## Task:
Could you please transcribe the data exactly, without the pictures?

## Given records:
= = = = =
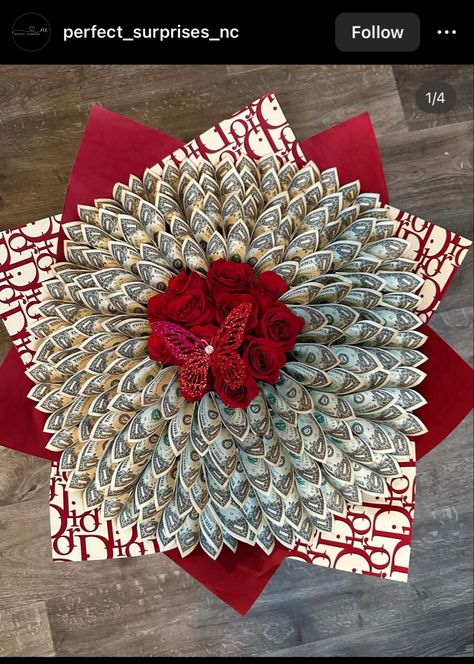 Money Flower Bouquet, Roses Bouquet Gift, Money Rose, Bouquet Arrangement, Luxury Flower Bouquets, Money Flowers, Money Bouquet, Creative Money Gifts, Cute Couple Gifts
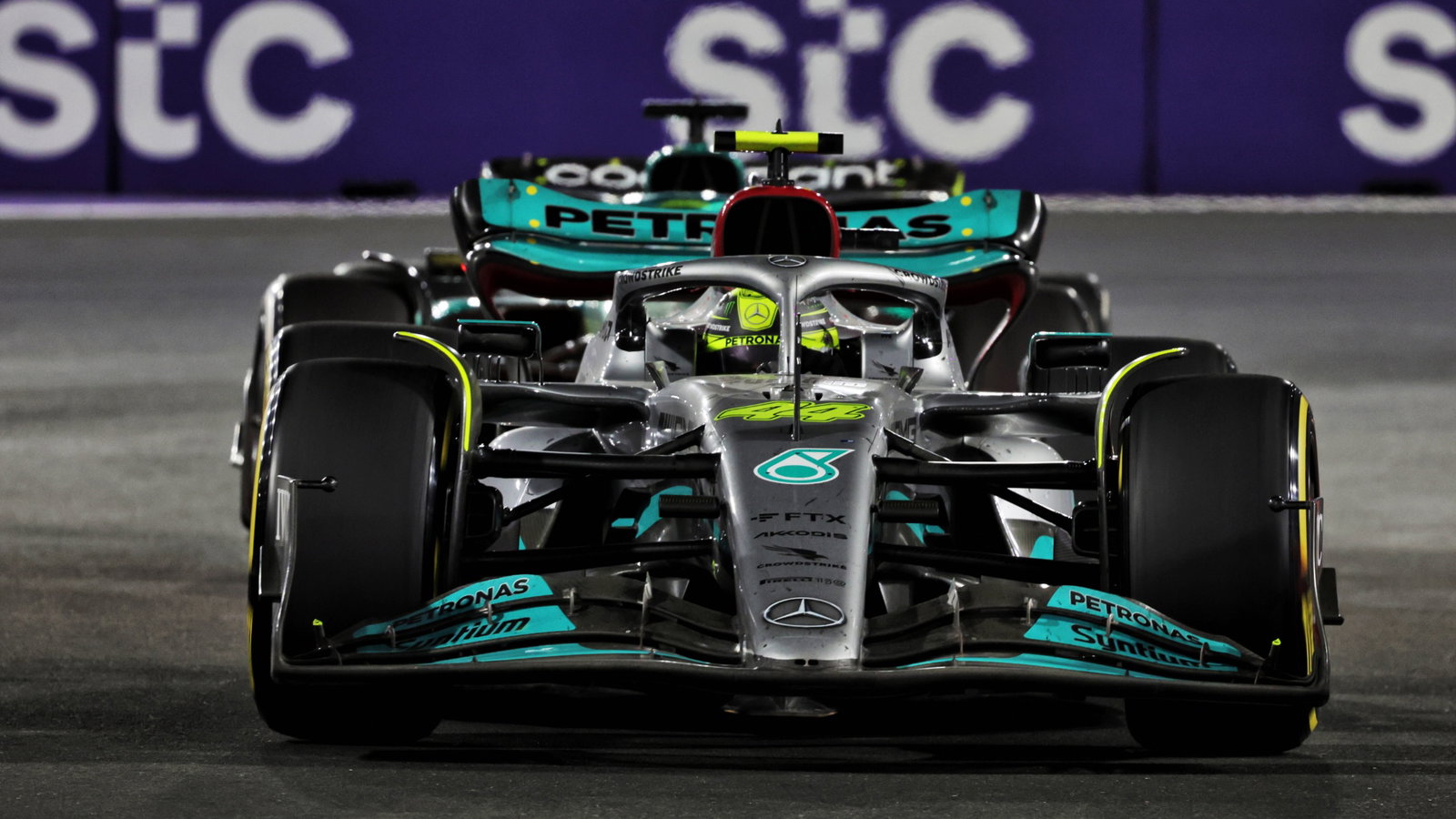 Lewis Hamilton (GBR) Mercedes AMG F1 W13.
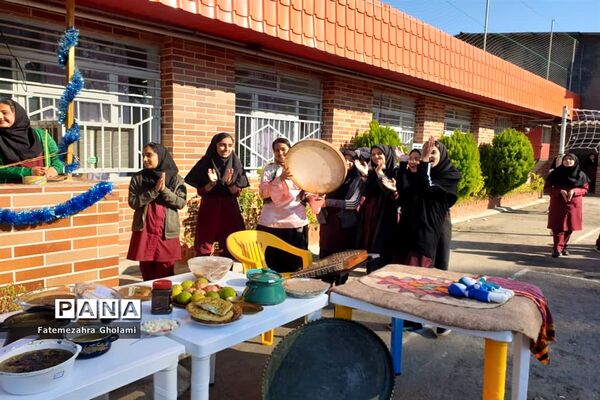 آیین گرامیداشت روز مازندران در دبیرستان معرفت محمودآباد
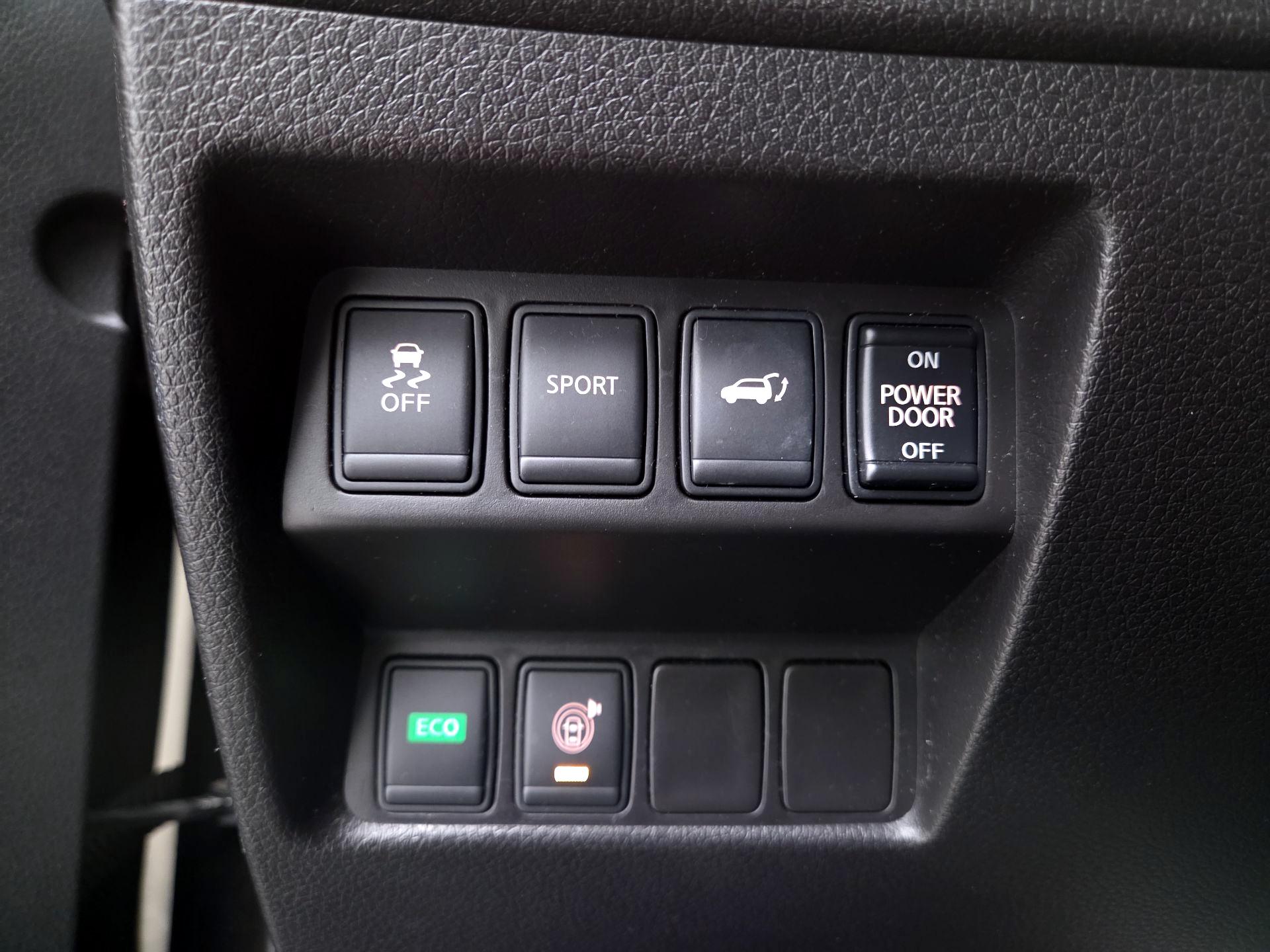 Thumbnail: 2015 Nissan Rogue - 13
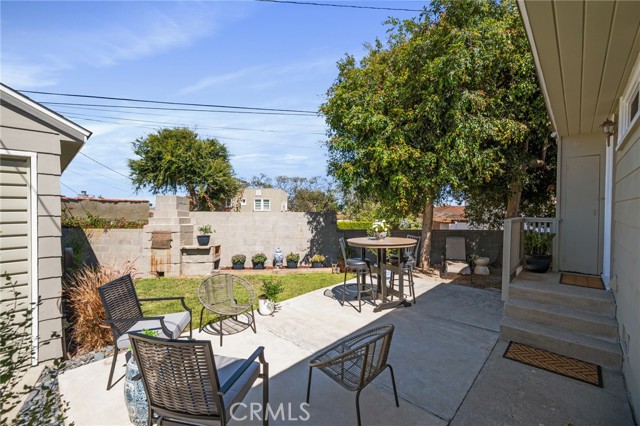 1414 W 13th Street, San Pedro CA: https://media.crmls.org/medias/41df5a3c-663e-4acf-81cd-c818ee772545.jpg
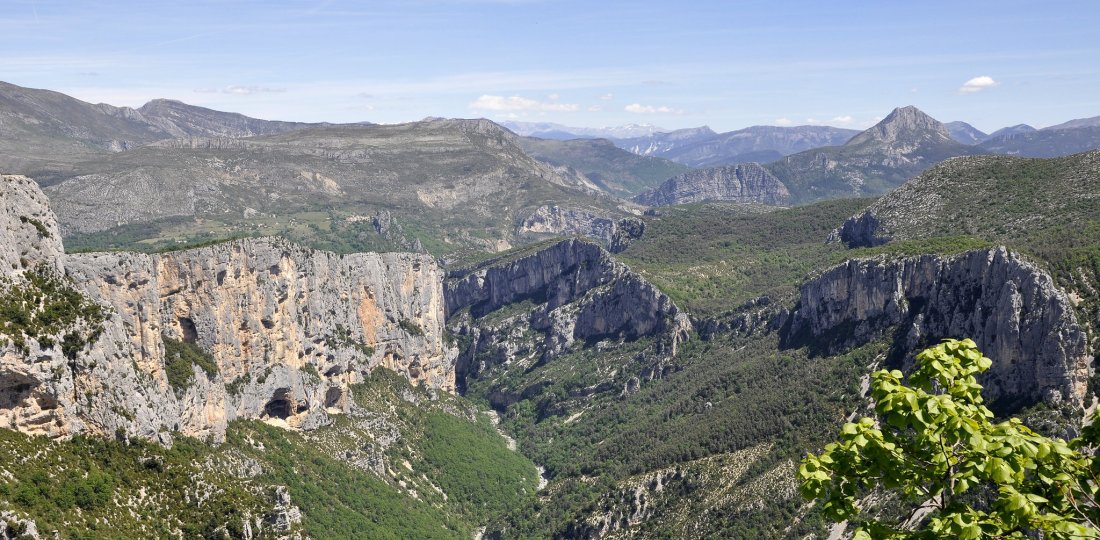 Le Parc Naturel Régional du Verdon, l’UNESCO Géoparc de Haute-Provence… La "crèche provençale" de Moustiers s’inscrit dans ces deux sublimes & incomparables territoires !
= = = = =
## Output of the task:
 Money Flower Bouquet, Roses Bouquet Gift, Money Rose, Bouquet Arrangement, Luxury Flower Bouquets, Money Flowers, Money Bouquet, Creative Money Gifts, Cute Couple Gifts
 Lewis Hamilton (GBR) Mercedes AMG F1 W13.
 آیین گرامیداشت روز مازندران در دبیرستان معرفت محمودآباد
 Thumbnail: 2015 Nissan Rogue - 13
 1414 W 13th Street, San Pedro CA: https://media.crmls.org/medias/41df5a3c-663e-4acf-81cd-c818ee772545.jpg
 Le Parc Naturel Régional du Verdon, l’UNESCO Géoparc de Haute-Provence… La "crèche provençale" de Moustiers s’inscrit dans ces deux sublimes & incomparables territoires !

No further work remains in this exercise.